Dopo la promozione in A con il Genoa, per l’ennesima volta, Coda è voluto ripartire dalla Serie B. Per qualche giorno il suo passaggio alla Sampdoria, dall’altra parte del Bisagno, sembrava davvero vicino e concreto, ma alla fine il trasferimento è saltato. «A mia moglie avevo detto: ‘Hai visto, non cambiamo nemmeno casa ci spostiamo alla Samp’. Ho pensato: ‘È fatta’. Poi all’improvviso il direttore della Cremonese Giacchetta ha chiamato il mio procuratore dicendo che c’era l’opportunità di tornare alla Cremonese e lì si è un po’ fermato tutto.
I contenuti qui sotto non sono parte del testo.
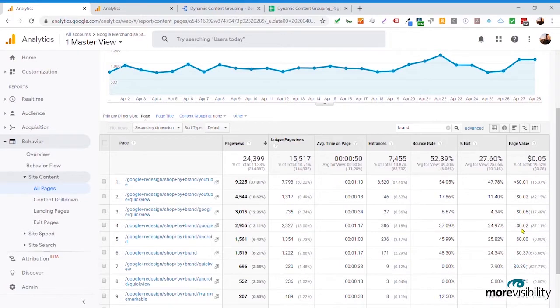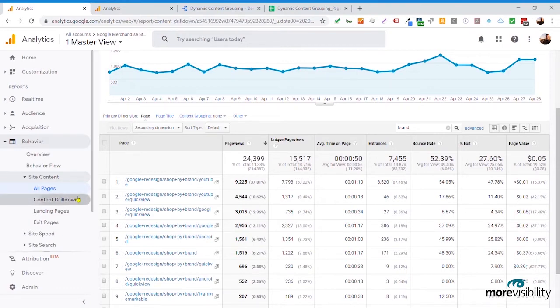Let's talk about some other scenarios. What about groups of content? If you want to understand different groups of content on your site — you've got things ordered in subdirectories, or maybe content in other places — I want to look at the content drill down report.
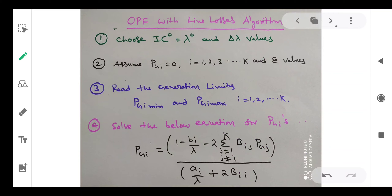Now let us discuss the algorithm. OPF with line losses algorithm. The very first step is to choose the initial value of lambda — that is incremental cost — and delta lambda values. Delta lambda is used to increment or decrement the IC whenever it is necessary. This is the first step.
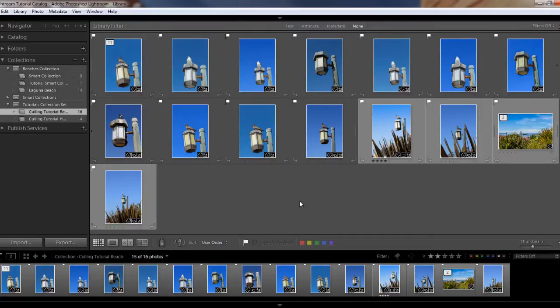Stacking only works within the same folder or collection, and it doesn't work with smart collections or photos in different folders or different collections. If you're using a version of Lightroom earlier than Lightroom 5, stacking will only work with folders — it doesn't work at all with collections. One last thing I'll talk about in detail in my next tutorial: Lightroom can also create stacks automatically based on how much time has passed between shots.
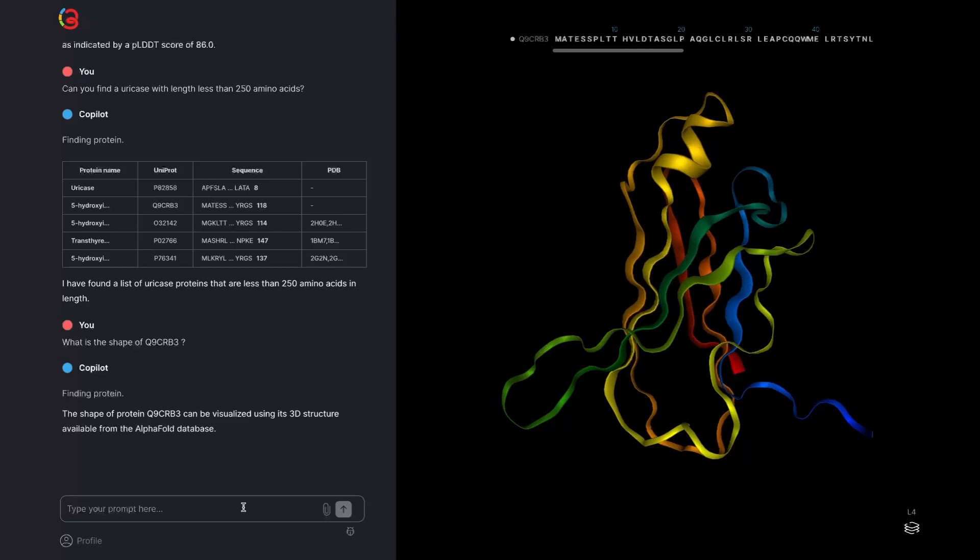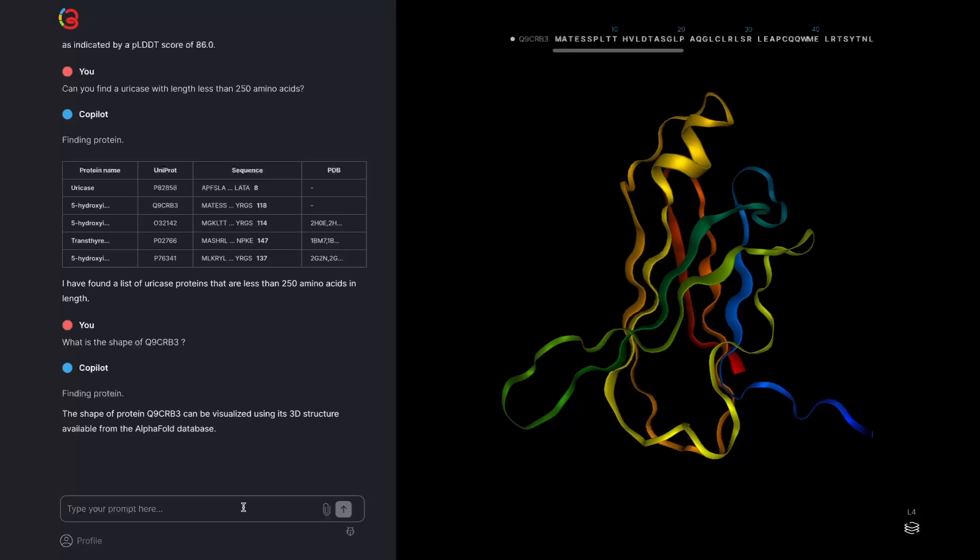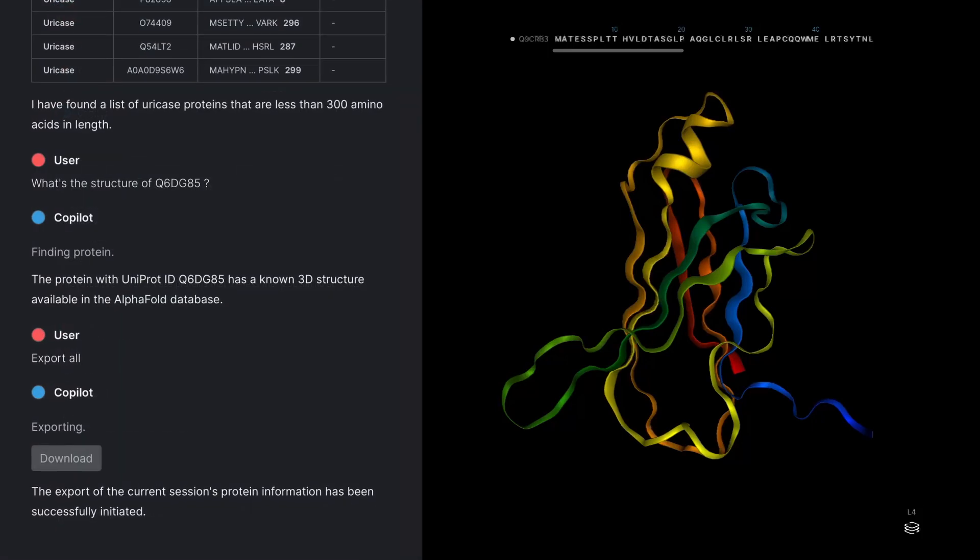Finally, you can download all the PDB files generated in this Copilot session by asking it to export all. Clicking on the generated button will download the zip file with all of the files you need.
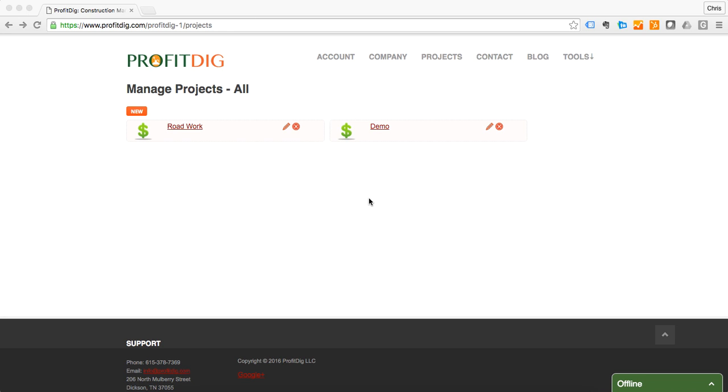Good evening, this is Chris Work at ProfitDig. I want to show you how quick and easy it is to set up a new project and to create a bid using our application.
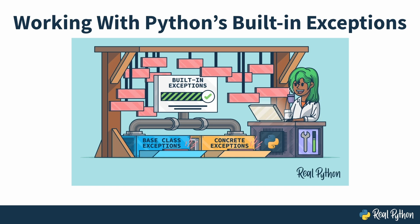Why, hello there. Welcome to Working with Python's Built-In Exceptions. My name is Joseph, and I'll be here to shine a light on the dark, cobwebbed recesses of Python exceptions.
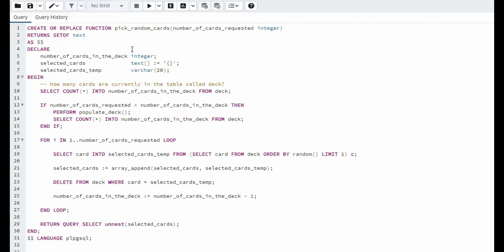Let us now look at the most valuable function of this project, pick random cards. Notice I have an input parameter called number of cards requested. So here you can pick a random number of cards based on your selection.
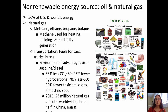In terms of transportation fuels for cars, trucks, and buses, the environmental advantages of natural gas over gasoline and diesel are that there are 33% less carbon dioxide emissions, 80 to 93% fewer hydrocarbons overall, 70% less carbon monoxide, 90% fewer toxic emissions, and almost no soot. In 2015, 23 million natural gas vehicles worldwide were in use, about half of which were in China, Iran, and Pakistan.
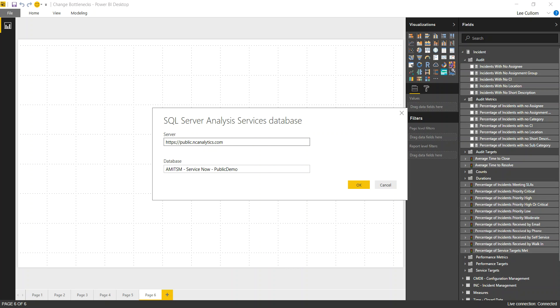One of the great ways to comb through your data, and this is for ServiceNow, is to use the short description field. And something like BMC Remedy, you might use summary as an example there.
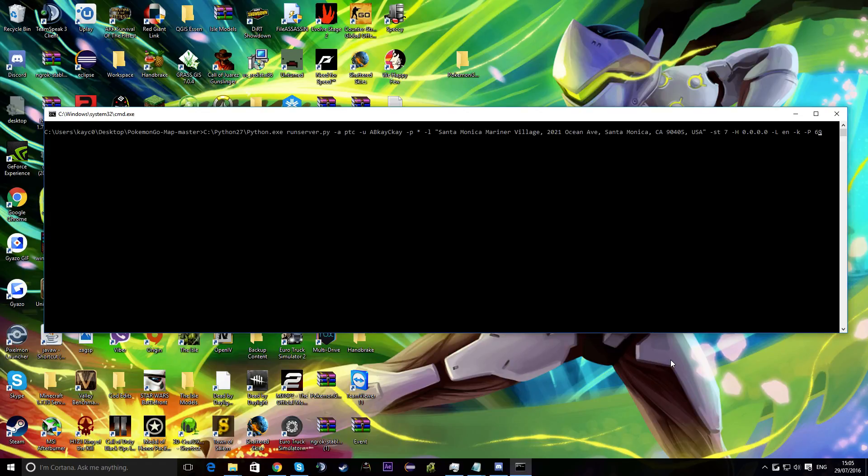Hey guys, it's TK here and today I'm going to be showing you how to get Pokemon Go map working on your computer and on your phone simultaneously.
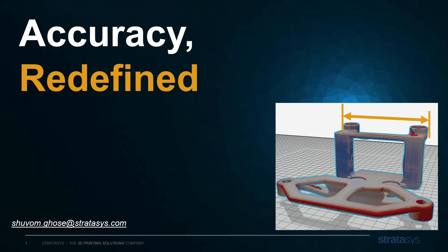Hello, I'm Shivam Ghosh with Stratasys Software, and let's talk about taking your printed part accuracy to the next level.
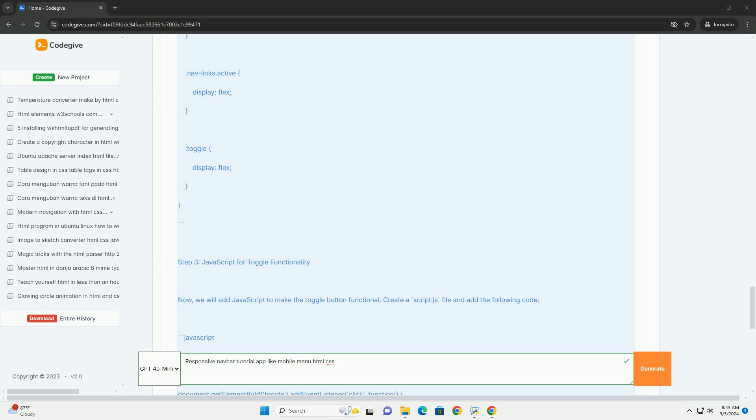The tutorial may also touch on JavaScript for enhancing interactivity, such as toggling the menu visibility. By the end, users will have a comprehensive understanding of building a responsive navbar that improves user experience across different devices, ensuring easy navigation for all users.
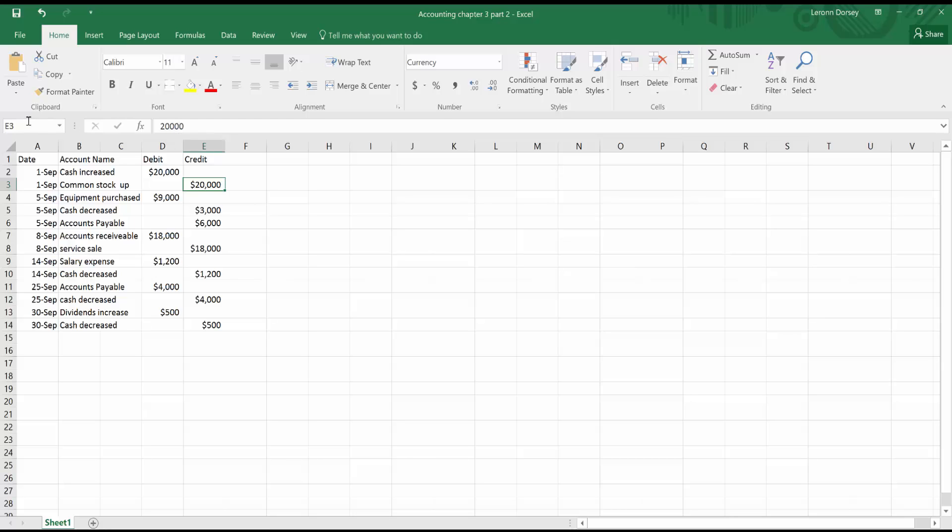So from the sheet I had, September 1st, I was given $20,000 cash for common stock. So what you're doing here is you're saying that cash increased and cash increased because it was given to you. So you're going to debit that $20,000 because anytime you earn cash or you're given cash, you debit it.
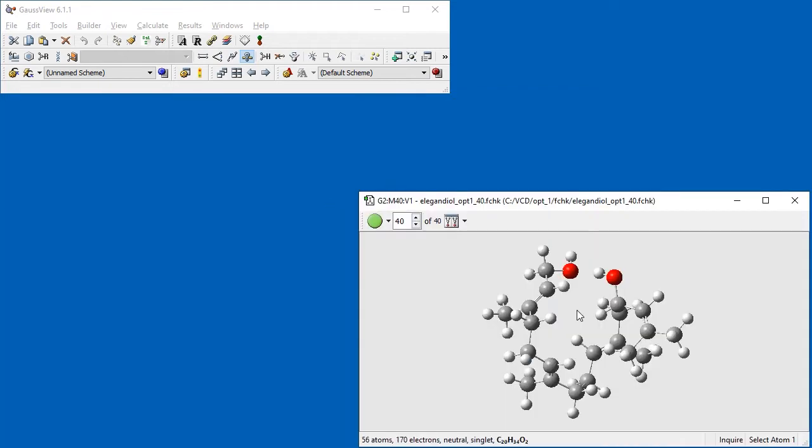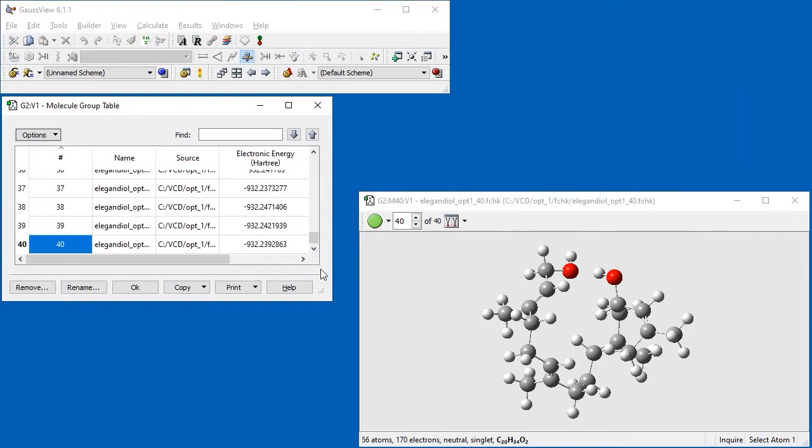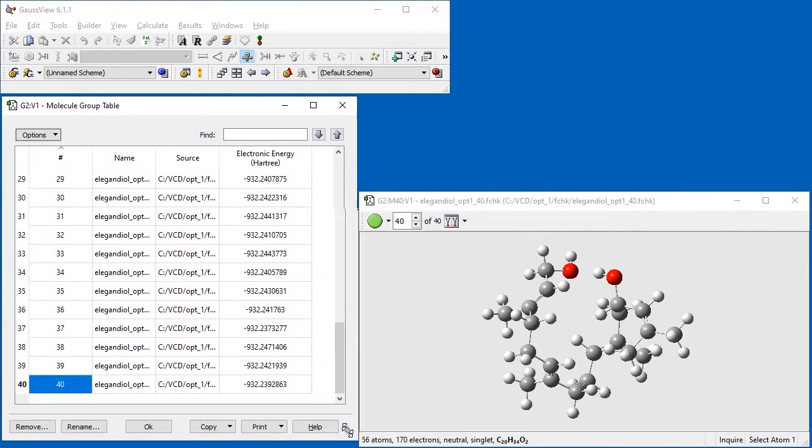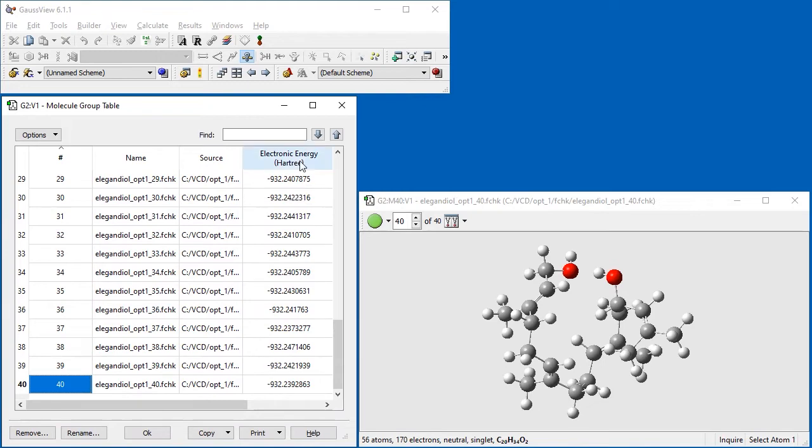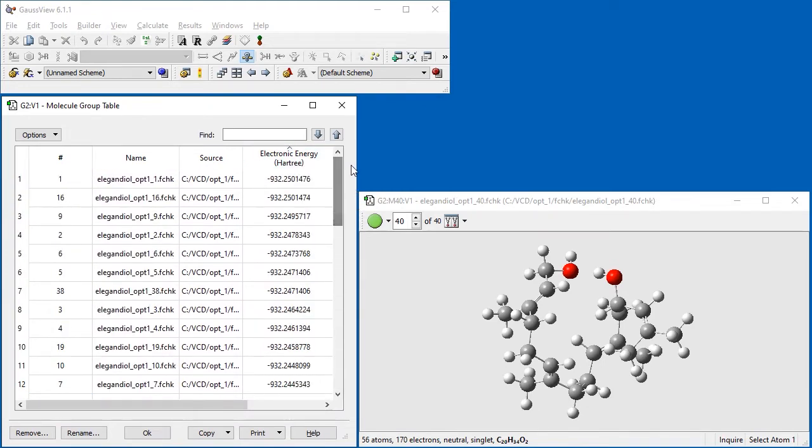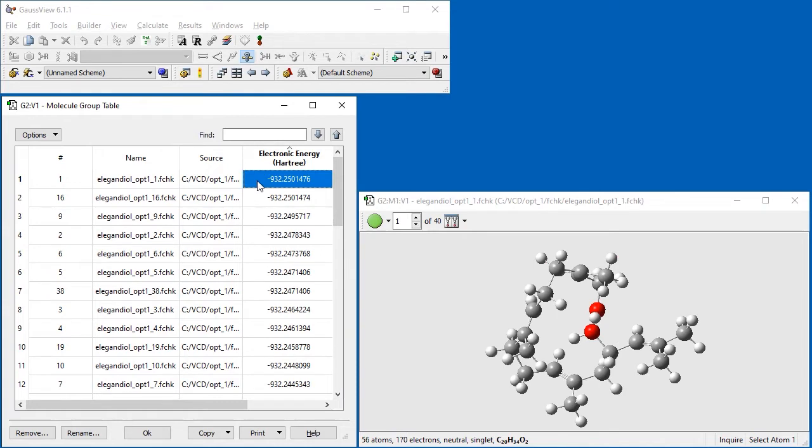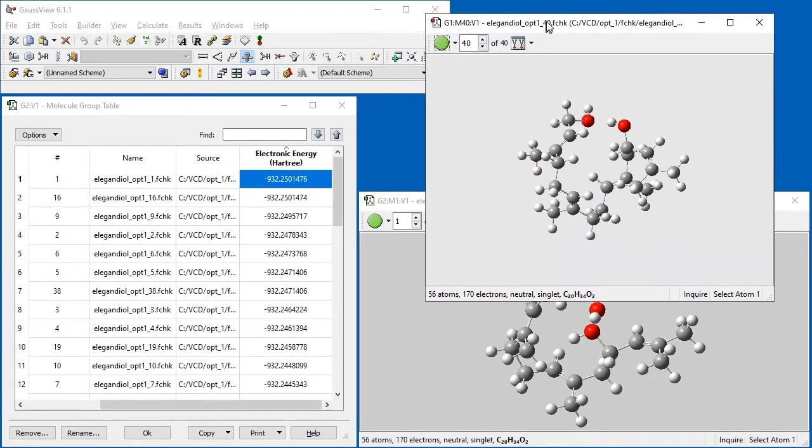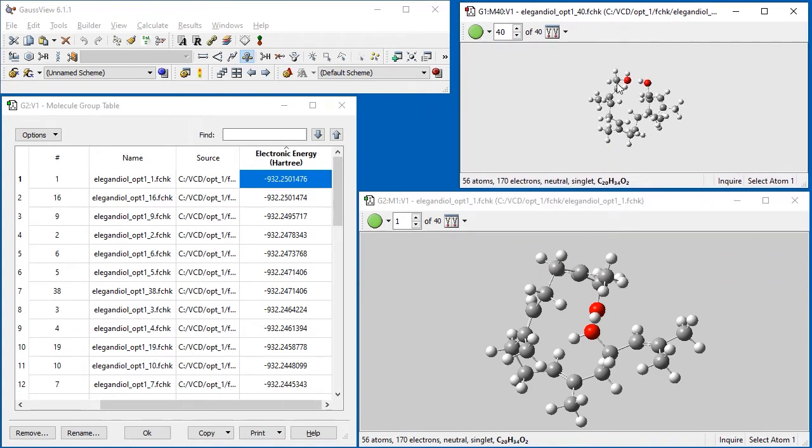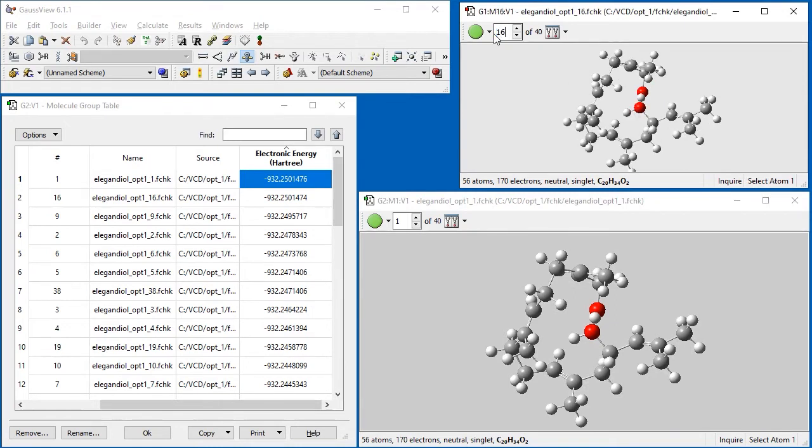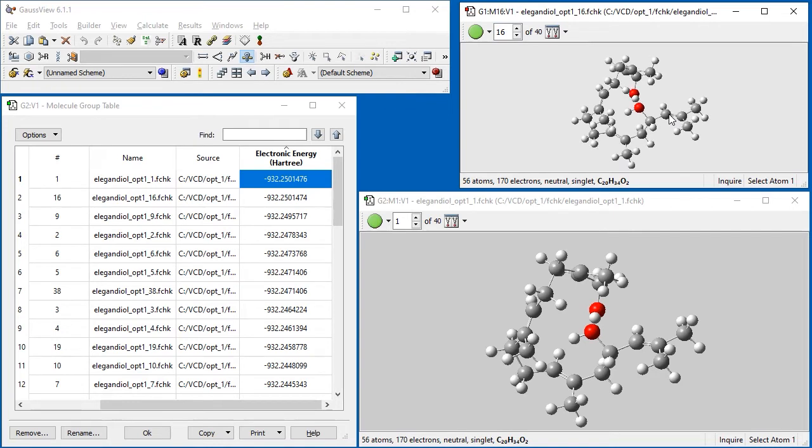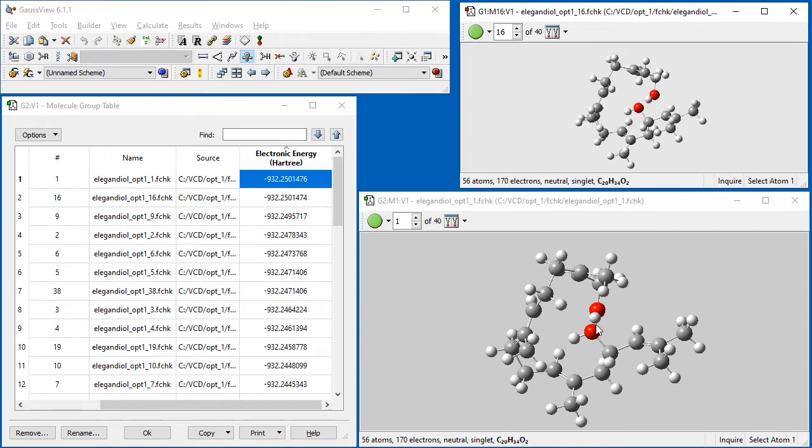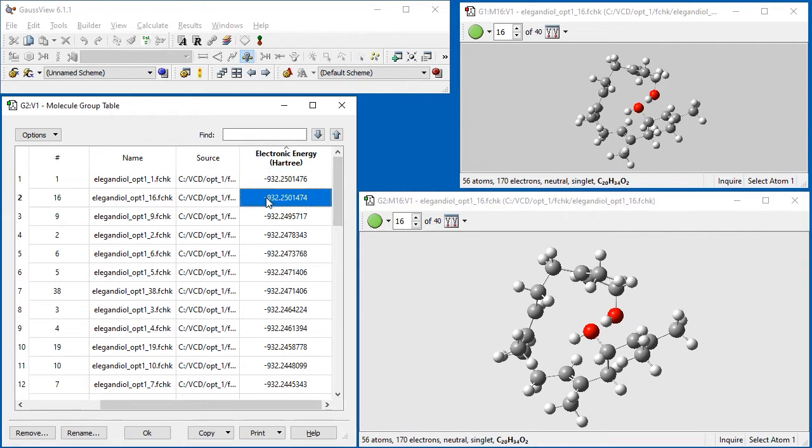Next we select Results Molecule Group Table. When the table opens, we sort the conformations by their energies. We examine the various entries to locate and remove duplicates. For example, conformers 1 and 16 have essentially the same energy. We examine and compare their structures using a second view. We can see that they are the same. We remove conformer 16 using the controls in the Molecule Group Table.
Qualcuno a Genova mi stava facendo pure pesare questo passaggio, ma era l’opportunità più concreta e dovevo prenderla, nel momento in cui il Genoa mi aveva detto che non voleva che restassi. 

Poi è arrivata la Cremonese, mi piaceva di più la squadra, la società, il centro sportivo e ho preferito, anche perché c’ero già stato 3 anni. Volevo tornare». E se gli chiedi se ha mai pensato a Cremona e ad un ritorno in tutti questi anni, senza pensarci ti risponde: «In passato ci ho pensato, quando la Cremo era in B, ‘Mah, se un giorno mi dovesse chiamare perché no? Mi sono sempre trovato bene’. Quando c’è stato l’opportunità sono stato ben contento di tornare».

Nelle ultime 5 giornate di campionato i grigiorossi hanno vinto 4 volte e passato il turno di Coppa Italia, Coda ha sempre timbrato nelle ultime 3 uscite e ha già eguagliato il numero di gol della scorsa stagione. L’obiettivo di squadra e personale sono chiari anche senza citarli. Così come è inutile azzardare dei pronostici, ma con Massimo Coda in squadra è tutto un po’ più facile.